#### PROVIDED ENTRIES:
*** Begin section ***
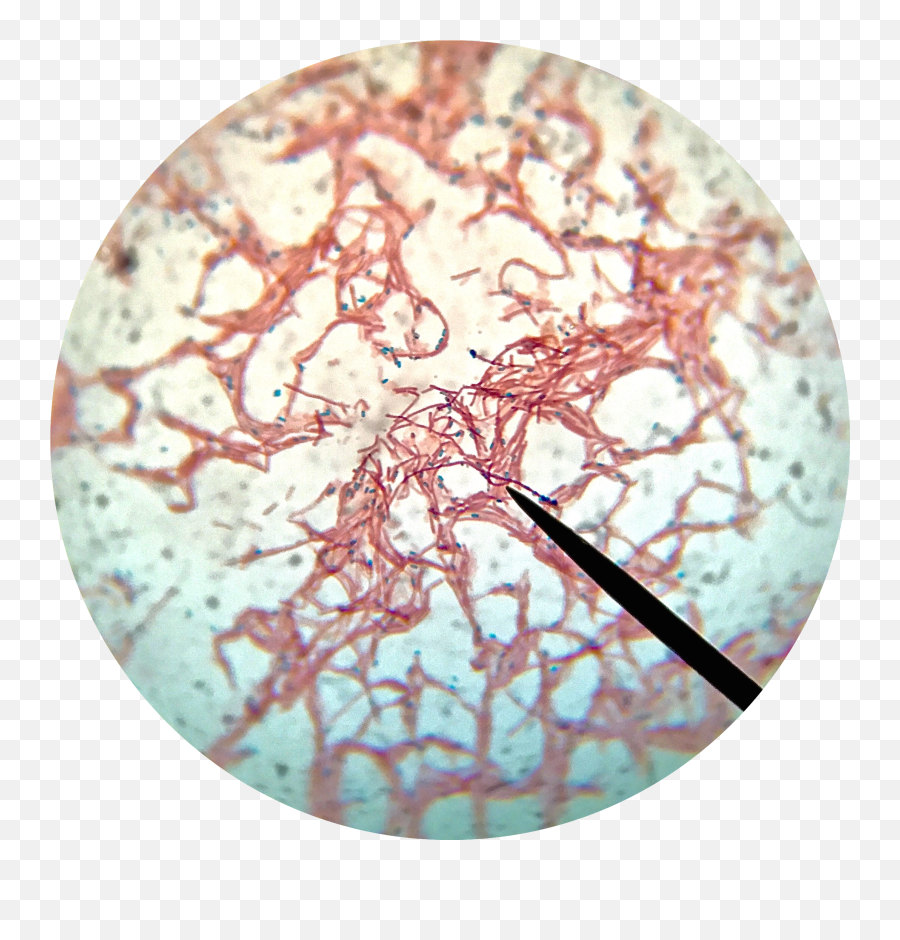 Bacillus Subtilis Endospore Stain - Bacillus Subtilis Endospore Stain Emoji,Iphone New Emojis 2015
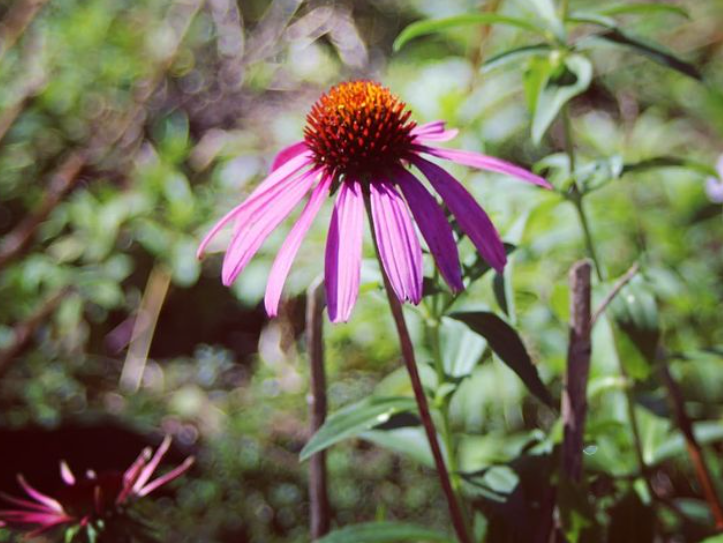 エキナセア（Echinacea purourea） | 植物図鑑 | 御勅使南公園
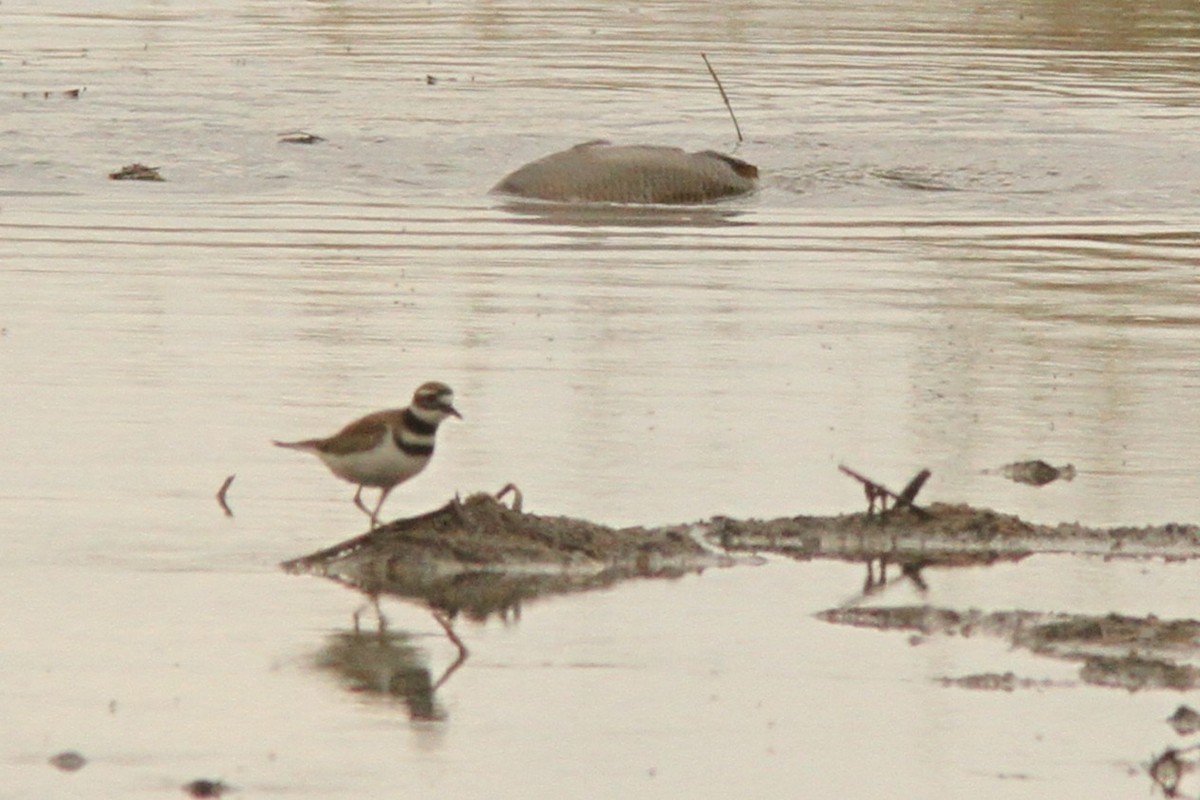 Killdeer - ML635124356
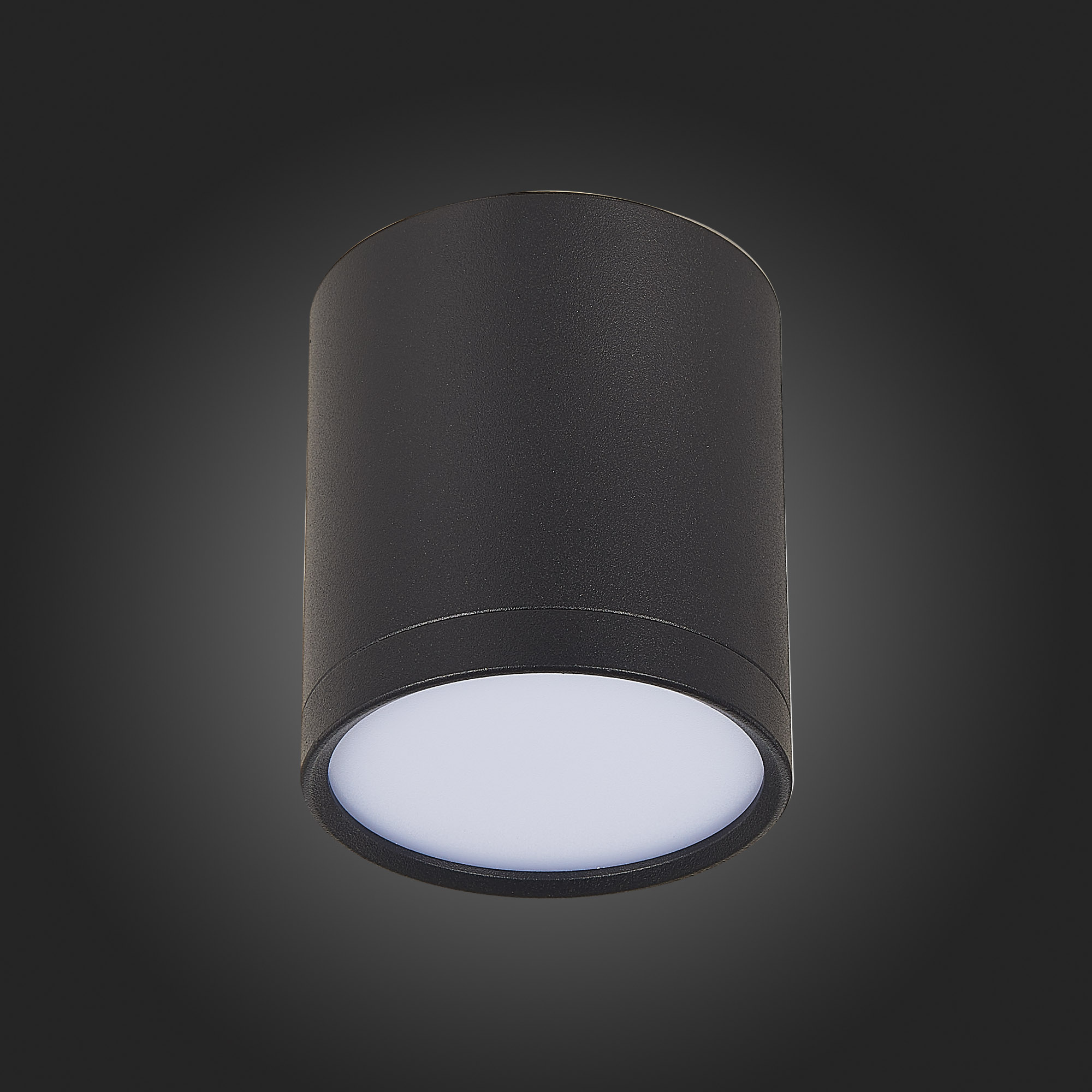 Потолочный светильник ST Luce Rene ST113.432.05 в #REGION_NAME_DECLINE_PP#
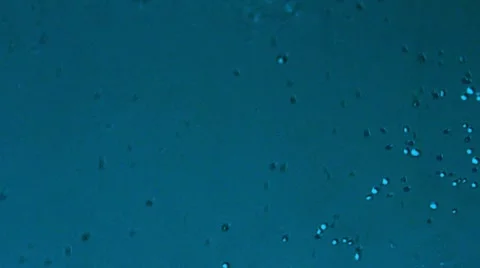 Liquid bubbles background Video stock 7137878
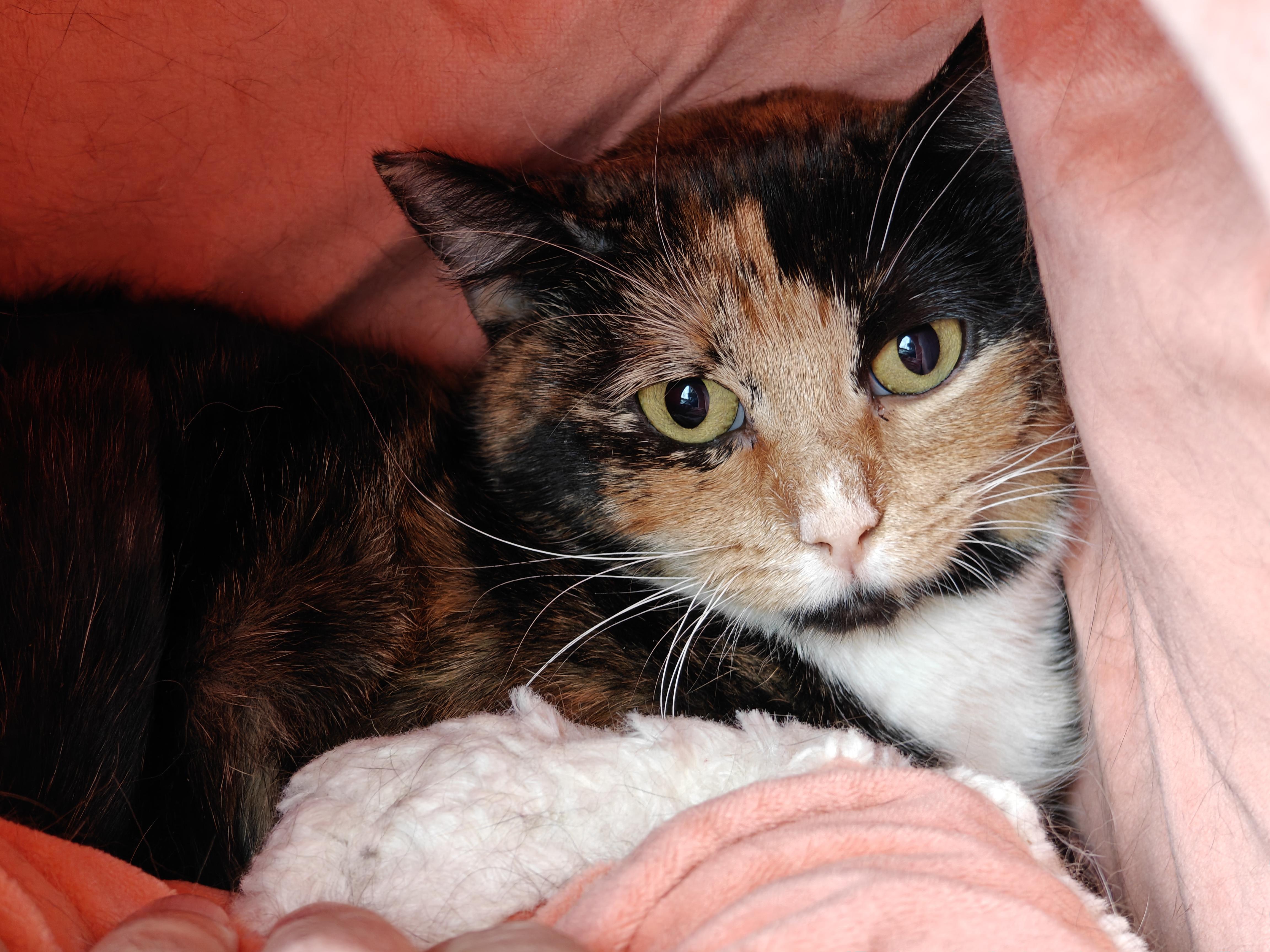 Tara , ADOPTABLE, Young Female Domestic Short Hair.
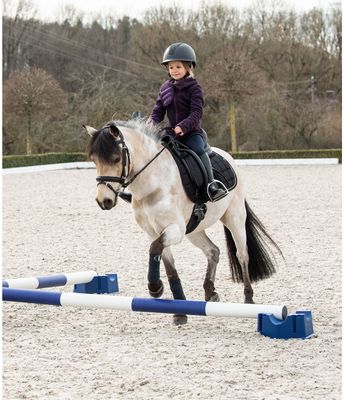 CENTURION - 4 Way Pole Riser (pair)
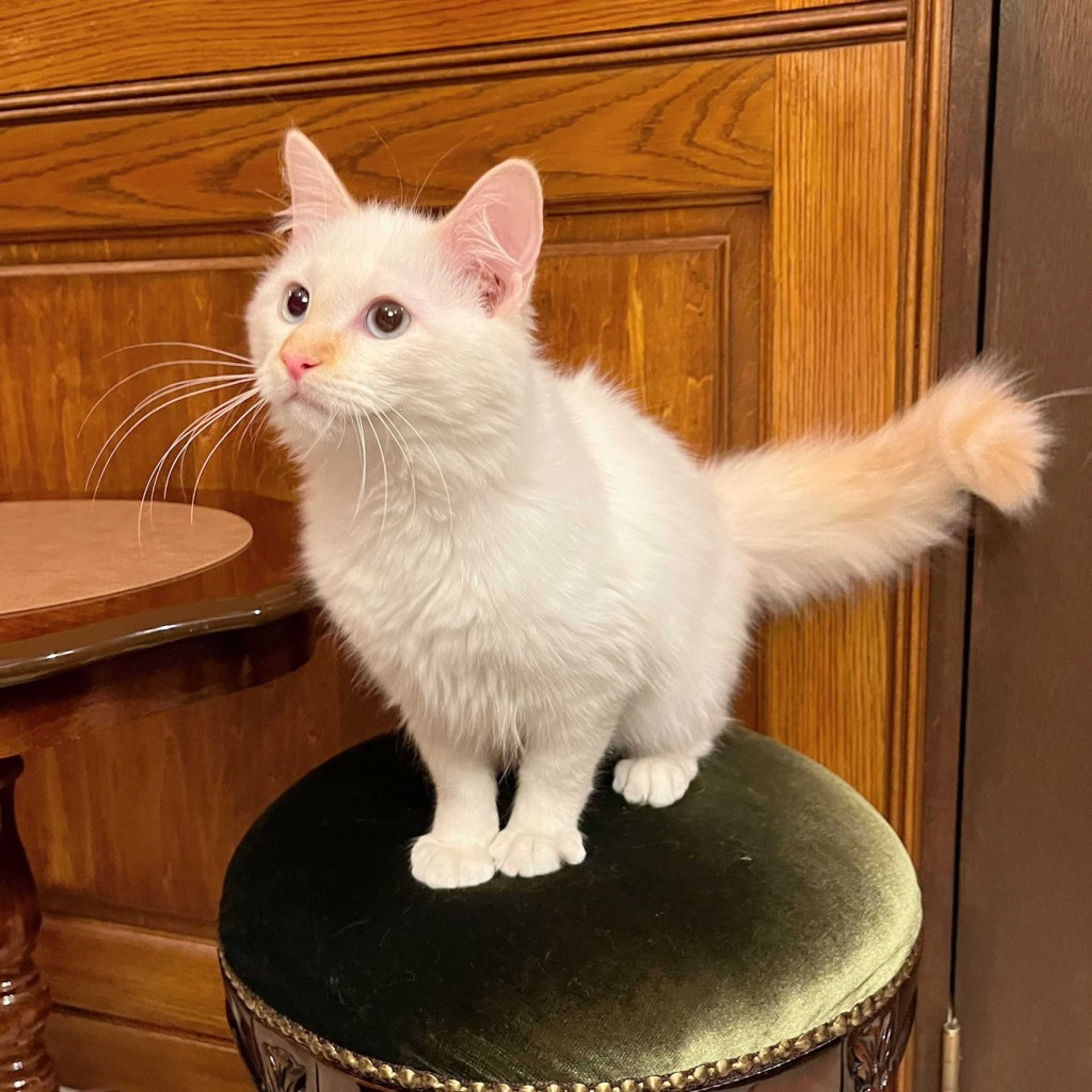 pet-image-5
*** End section ***
#### EXERCISE:
Beginning with the line holding "Tara , ADOPTABLE, Young", copy each line exactly through the end of the records above, and leave every picture out.

#### SOLUTION FOR THIS EXERCISE:
 Tara , ADOPTABLE, Young Female Domestic Short Hair.
 CENTURION - 4 Way Pole Riser (pair)
 pet-image-5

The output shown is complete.